Green belongs to the first of two cohorts of doctoral students currently enrolled in a collaborative program, anchored at the University of Tennessee's Department of Theory and Practice in Teacher Education, to improve mathematics education in rural Appalachia. The third cohort is slated to begin classes in summer 2007. "Mathematics education is an economic engine for rural economic development," says Vena Long, co-director of ACCLAIM (Appalachian Collaborative Center for Learning, Assessment, and Instruction in Mathematics). UT is one of five participating institutions in four Appalachian states and the home of the program's "Capacity Building Initiative."
ACCLAIM was launched in 2001 with funding from the National Science Foundation to provide middle- and high-school math teachers an unprecedented opportunity to pursue a doctorate in rural mathematics education. "We are trying to reach a population that is geographically rooted in rural Appalachia," Long says. The program helps overcome geographic limitations by offering 21st-century technologies in distance education, allowing math teachers to remain in the classroom while they pursue graduate work.
Each summer, the teachers participate in 5-week graduate seminars at one of the participating universities, the University of Kentucky, the University of Louisville, Ohio University, UT Knoxville, and West Virginia University. "Everyone involved, from the directors to the students of the participating teachers, has benefited greatly from this program," Long says. During the school year, graduate students pursue traditional graduate courses via Internet resources and stay in close contact through e-mail and Web cams, which allow them to interact face to face in real time, sharing their lesson plans and finding instant support for instructional challenges.
This collaboration, which capitalizes on multiple strengths at the different institutions, is unusual in academia. "This is the first program of its kind in the United States, indeed the world," Long says. "UT is the anchoring institution for the grant because of our department's historically strong doctoral program and our qualified faculty with strong research backgrounds."

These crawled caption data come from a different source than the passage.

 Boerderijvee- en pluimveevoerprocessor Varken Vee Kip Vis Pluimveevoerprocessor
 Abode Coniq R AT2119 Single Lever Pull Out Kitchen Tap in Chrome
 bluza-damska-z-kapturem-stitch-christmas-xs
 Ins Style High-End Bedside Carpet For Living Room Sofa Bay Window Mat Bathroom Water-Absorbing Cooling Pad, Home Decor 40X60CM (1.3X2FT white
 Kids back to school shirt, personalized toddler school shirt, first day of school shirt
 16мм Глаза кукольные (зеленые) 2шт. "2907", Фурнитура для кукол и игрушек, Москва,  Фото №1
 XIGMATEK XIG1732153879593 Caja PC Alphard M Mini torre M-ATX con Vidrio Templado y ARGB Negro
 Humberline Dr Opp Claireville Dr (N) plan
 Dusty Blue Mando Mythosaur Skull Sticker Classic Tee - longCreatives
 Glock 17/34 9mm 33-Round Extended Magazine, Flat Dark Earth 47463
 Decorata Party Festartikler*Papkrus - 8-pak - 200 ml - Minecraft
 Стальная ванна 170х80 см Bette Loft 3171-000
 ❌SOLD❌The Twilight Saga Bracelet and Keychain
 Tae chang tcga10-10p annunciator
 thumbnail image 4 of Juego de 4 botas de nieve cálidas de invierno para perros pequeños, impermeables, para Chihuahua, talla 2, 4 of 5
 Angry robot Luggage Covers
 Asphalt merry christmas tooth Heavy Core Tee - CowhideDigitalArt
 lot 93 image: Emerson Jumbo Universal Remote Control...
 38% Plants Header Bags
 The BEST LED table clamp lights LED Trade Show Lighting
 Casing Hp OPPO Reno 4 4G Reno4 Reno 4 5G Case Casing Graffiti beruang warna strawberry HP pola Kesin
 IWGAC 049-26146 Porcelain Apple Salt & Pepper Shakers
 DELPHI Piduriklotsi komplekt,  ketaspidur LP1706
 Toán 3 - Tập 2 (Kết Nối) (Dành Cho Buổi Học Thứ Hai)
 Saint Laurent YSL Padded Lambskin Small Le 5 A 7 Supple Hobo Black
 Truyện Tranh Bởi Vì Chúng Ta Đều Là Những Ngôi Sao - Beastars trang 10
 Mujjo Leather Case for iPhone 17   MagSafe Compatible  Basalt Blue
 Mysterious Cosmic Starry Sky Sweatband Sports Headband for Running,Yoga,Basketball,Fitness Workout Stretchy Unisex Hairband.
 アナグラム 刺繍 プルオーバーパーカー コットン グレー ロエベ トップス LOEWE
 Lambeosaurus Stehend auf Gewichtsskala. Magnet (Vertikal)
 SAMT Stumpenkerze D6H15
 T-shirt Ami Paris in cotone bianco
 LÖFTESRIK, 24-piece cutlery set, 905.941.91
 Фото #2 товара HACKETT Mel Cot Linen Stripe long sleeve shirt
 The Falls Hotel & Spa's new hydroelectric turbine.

The program has two goals: first, to improve the quality of math education in the classroom and, second, to improve the quality of math education for teachers entering the profession. Some of the candidates, for example, take positions teaching in colleges in Appalachia that train teachers, improving math education for prospective teachers. "There are three job openings at the college level for every available candidate," Long says.
Meanwhile, excellent teachers like Craig Green remain in middle- and high-school classrooms, where they use any available means to encourage student interest in math. "I ask my students, do you want to stay in the shop fixing the car," Green says, "or do you want to design the car?" He says the program allows him to benefit from graduate course work at three of the participating universities and to travel coast to coast, from San Diego to Washington, D.C., meeting the nation's top educators.
"I will always brag on ACCLAIM—it has given me a chance to be educated beyond any of my dreams," he says.